Exercise aim: Repeat exactly the line that contains "гашиш Пушкино" and every line after it, down to the last line of the entries below. Do not include pictures.

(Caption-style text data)

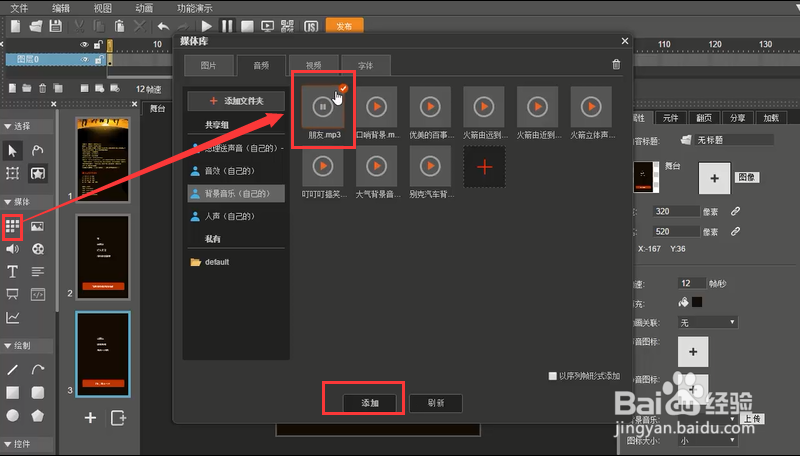 如何制作H5类型的邀请函？
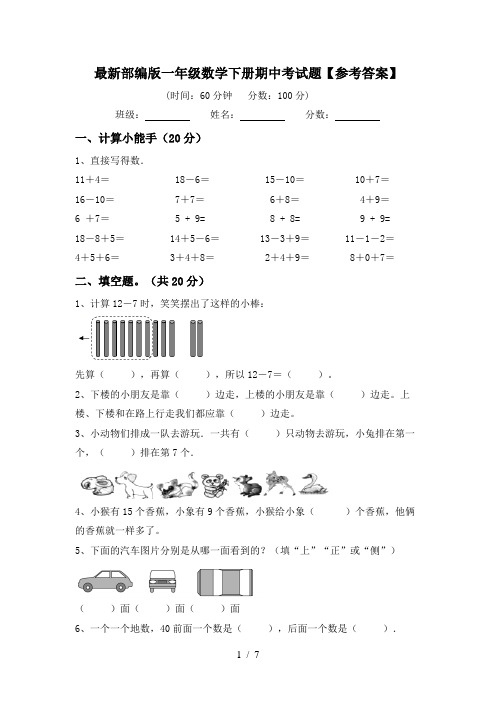 最新部编版一年级数学下册期中考试题【参考答案】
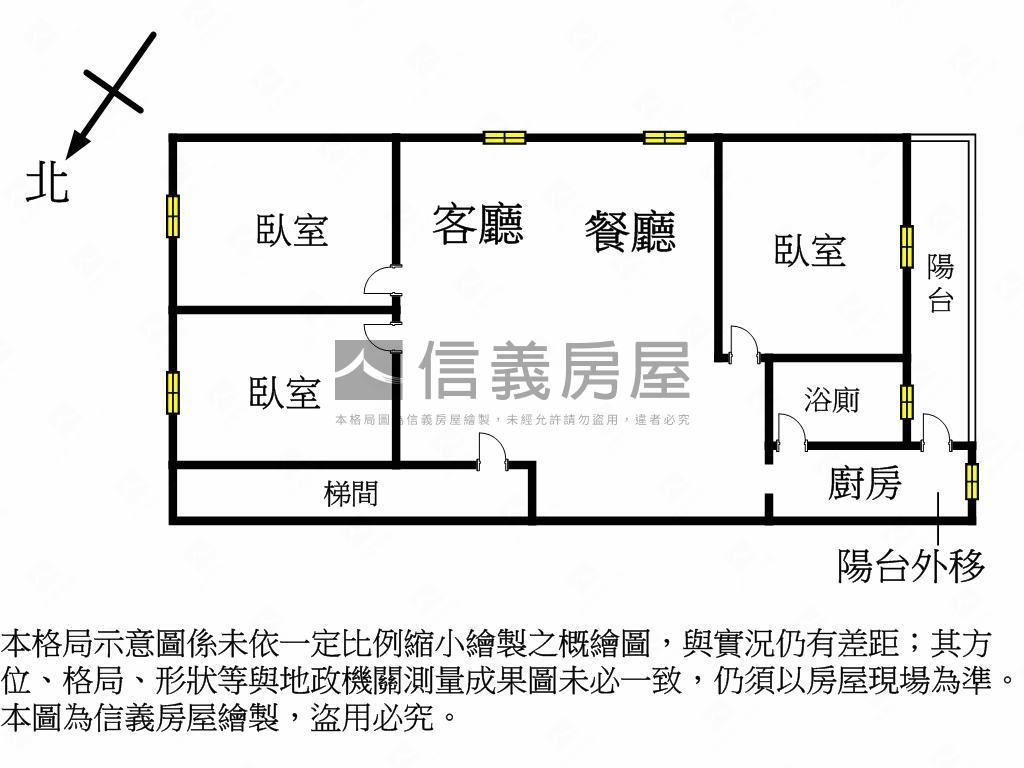 建國路方正二樓房屋室內格局與周邊環境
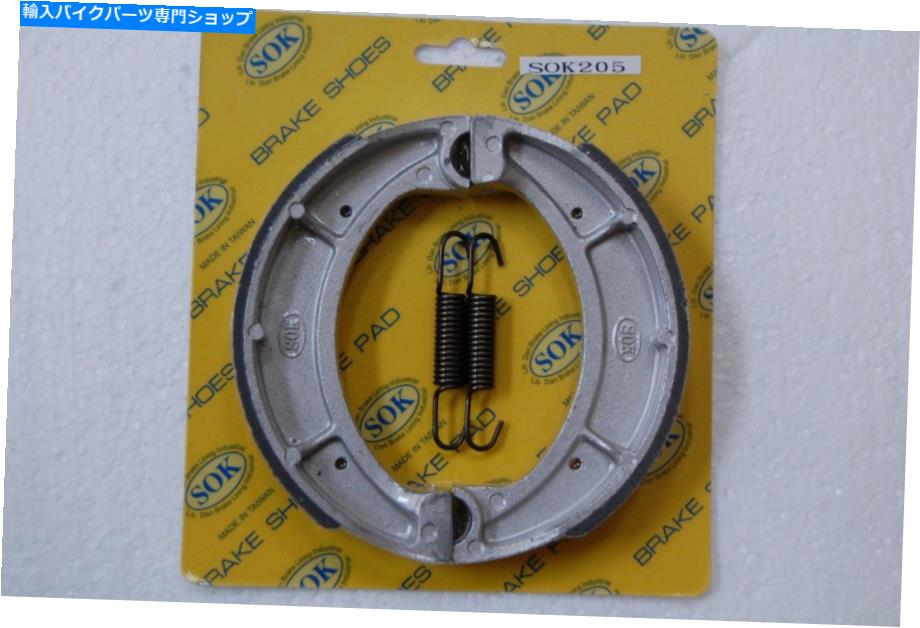 Brake Shoes リアブレーキシューズ+スプリングフィットヤマハMX 250 360 SC 500、1973-74 MX250 MX360 SC500 REAR BRAKE SHOES+Springs fit YAMAHA MX 250 360 SC 500, 1973-74 MX250 MX360 SC500【並行輸入品】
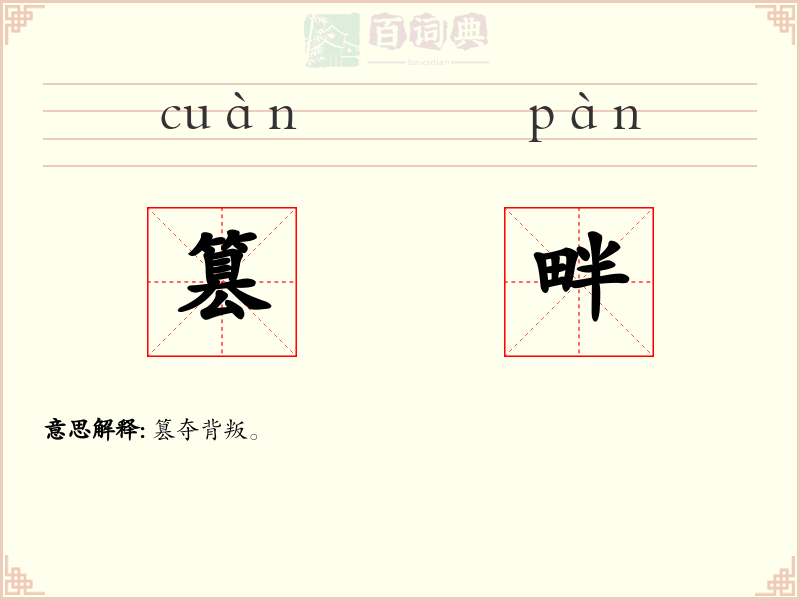 篡畔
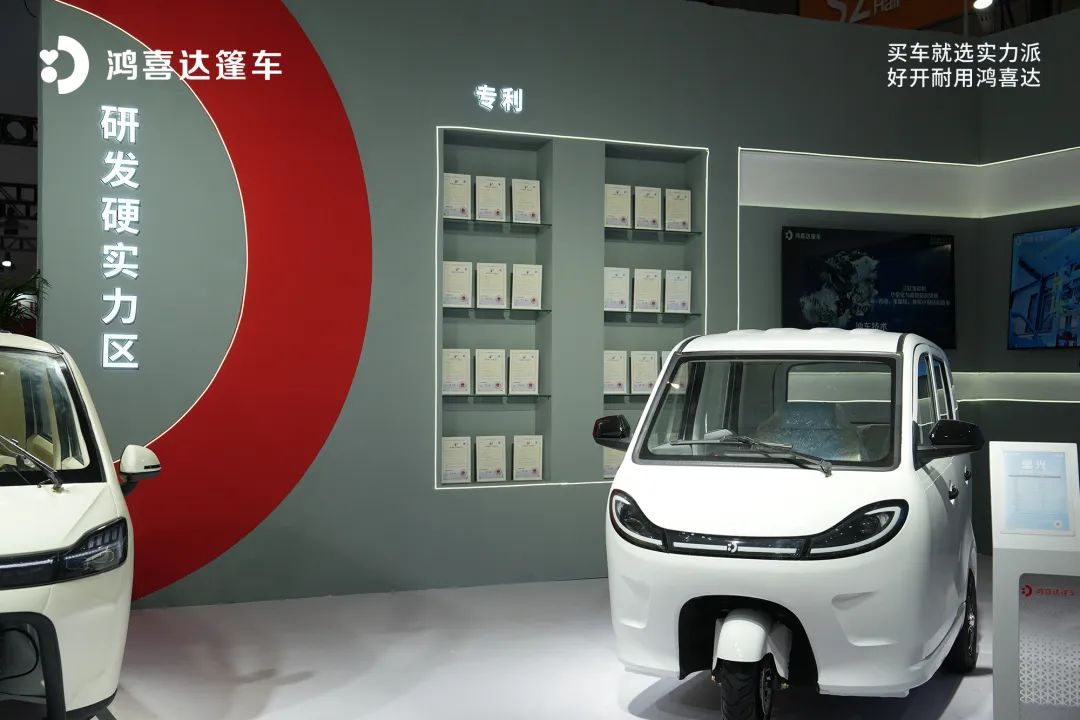 篷车实力派鸿喜达焕新升级首秀济南展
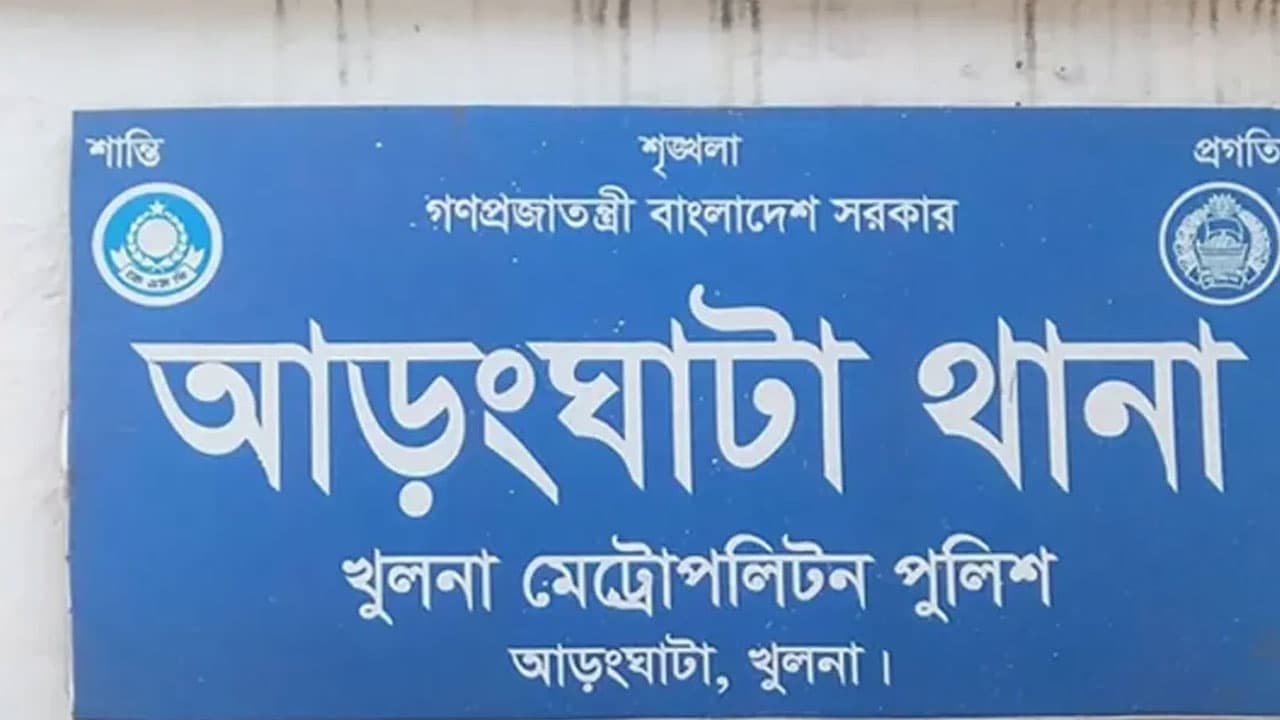 খুলনায় রেলস্টেশনের সামনে যুবকের গুলিবিদ্ধ লাশ উদ্ধার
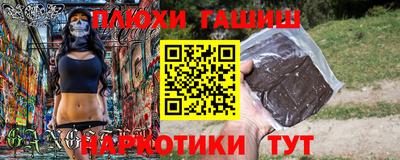 гашиш Пушкино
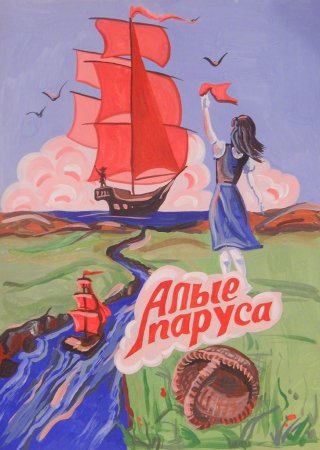 Алые паруса плакат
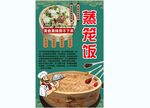 蒸笼饭背景墙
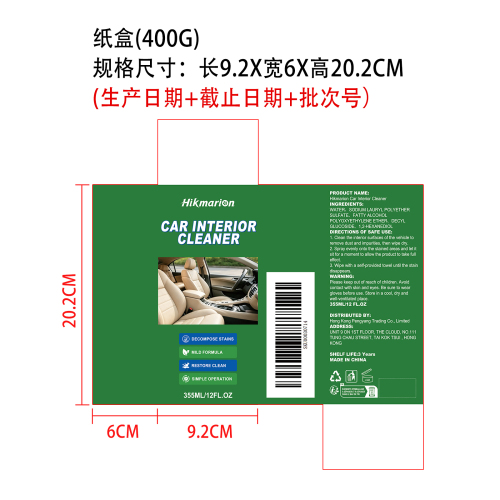 汽车内饰清洁剂纸盒（400g）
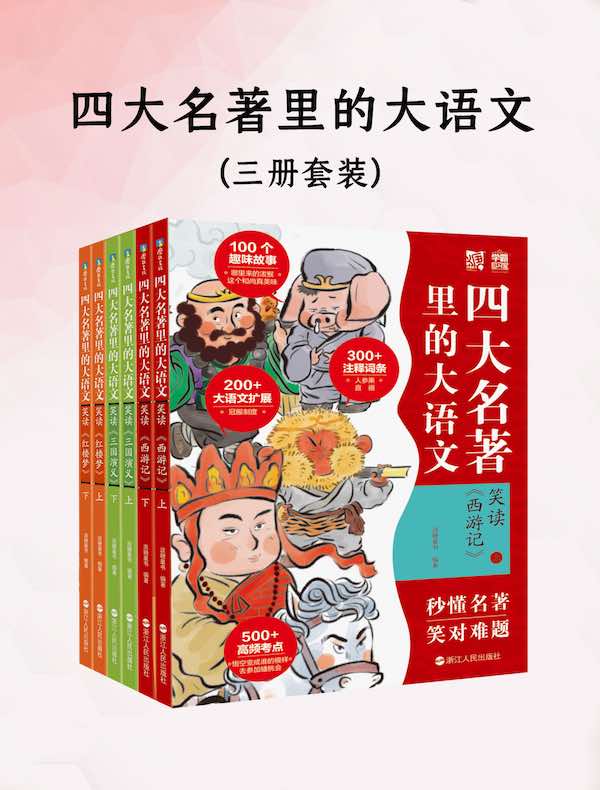 四大名著里的大语文（共三册）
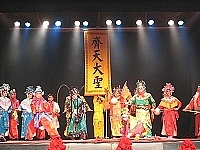 國光劇團公演節目。（陳貴忠議員服務處提供）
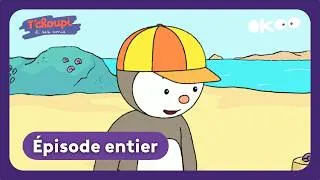 Miniature : 🐟 Nouvel épisode 🐟 T'choupi et ses amis - Le Ti-poisson (EP.43) - dessin animé - épisode entier
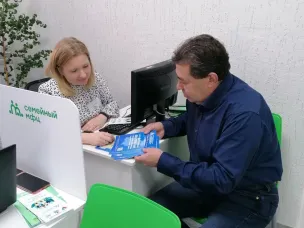 Семейный МФЦ в Городце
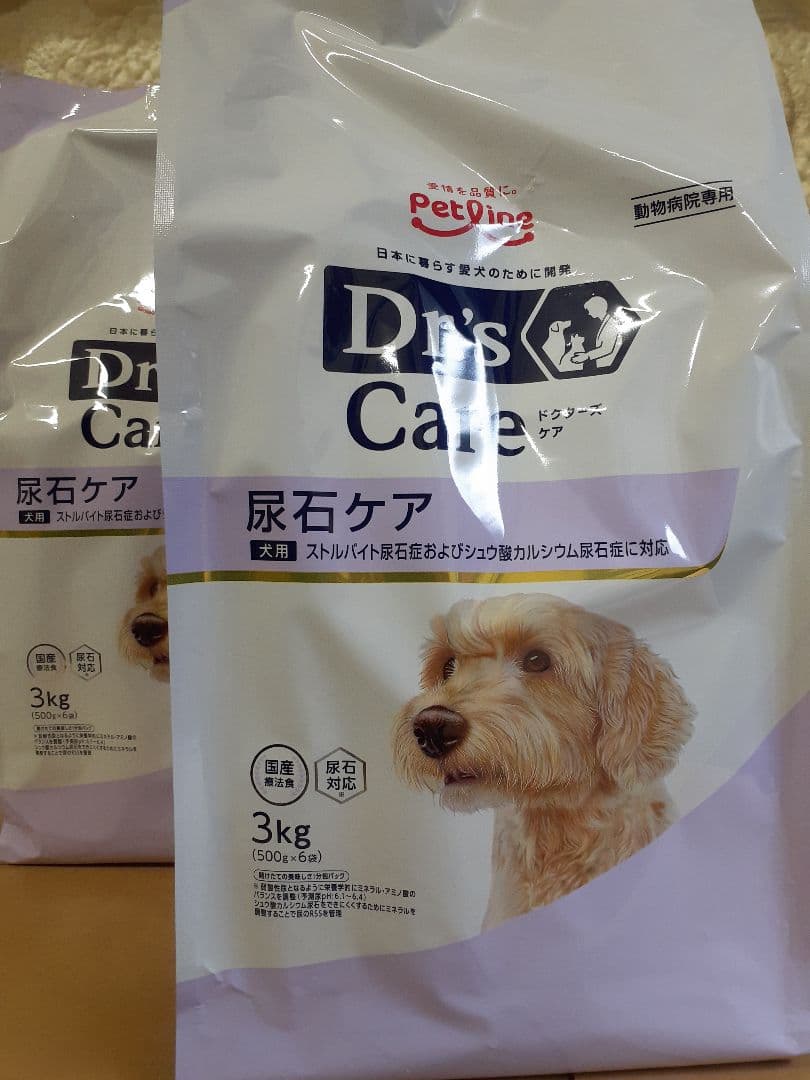 パール様ドクターズケア犬用療法食尿石ケア3kg×2袋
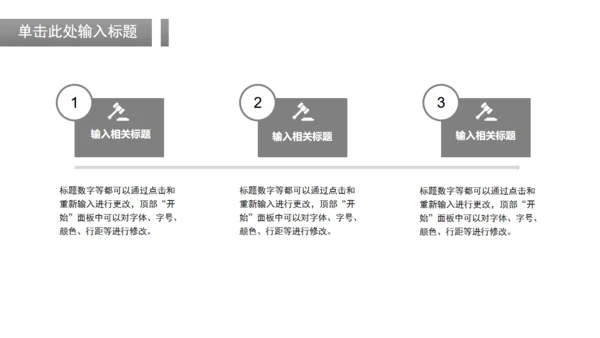 商务风法律法学毕业论文答辩通用PPT模板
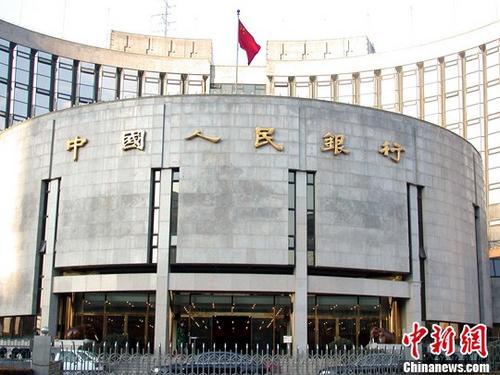 央行房贷利率新政全解读:利息会涨?会影响房价?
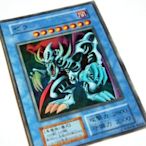 遊戲王卡片[P2-10 耶拉]以"耶拉的儀式"降臨,從手牌和場上解放等級合計8以上的怪獸.無底價!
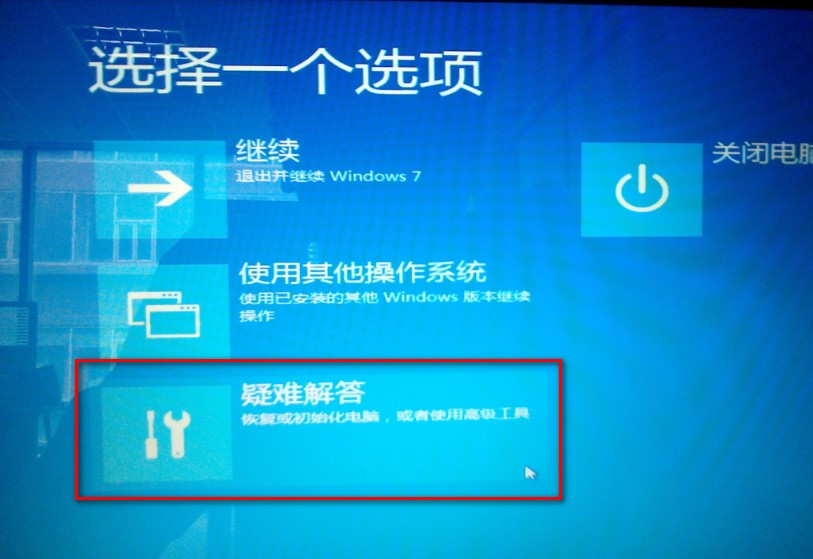 Windows8打補丁后黑屏怎么辦 三聯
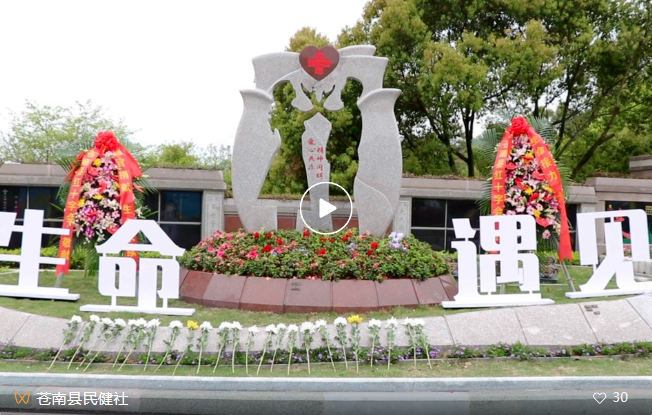 永乐高·(中国区)官方网站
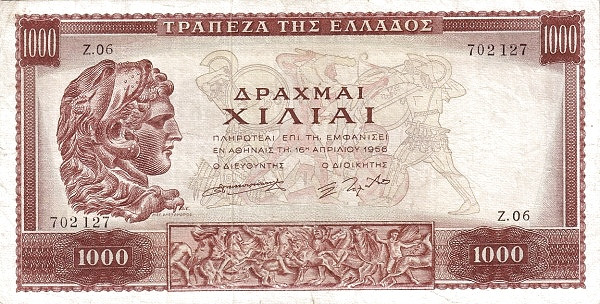 GREECE 1000 Drachmai 1956 Pick 194 collectible banknote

Problem solution:
 гашиш Пушкино
 Алые паруса плакат
 蒸笼饭背景墙
 汽车内饰清洁剂纸盒（400g）
 四大名著里的大语文（共三册）
 國光劇團公演節目。（陳貴忠議員服務處提供）
 Miniature : 🐟 Nouvel épisode 🐟 T'choupi et ses amis - Le Ti-poisson (EP.43) - dessin animé - épisode entier
 Семейный МФЦ в Городце
 パール様ドクターズケア犬用療法食尿石ケア3kg×2袋
 商务风法律法学毕业论文答辩通用PPT模板
 央行房贷利率新政全解读:利息会涨?会影响房价?
 遊戲王卡片[P2-10 耶拉]以"耶拉的儀式"降臨,從手牌和場上解放等級合計8以上的怪獸.無底價!
 Windows8打補丁后黑屏怎么辦 三聯
 永乐高·(中国区)官方网站
 GREECE 1000 Drachmai 1956 Pick 194 collectible banknote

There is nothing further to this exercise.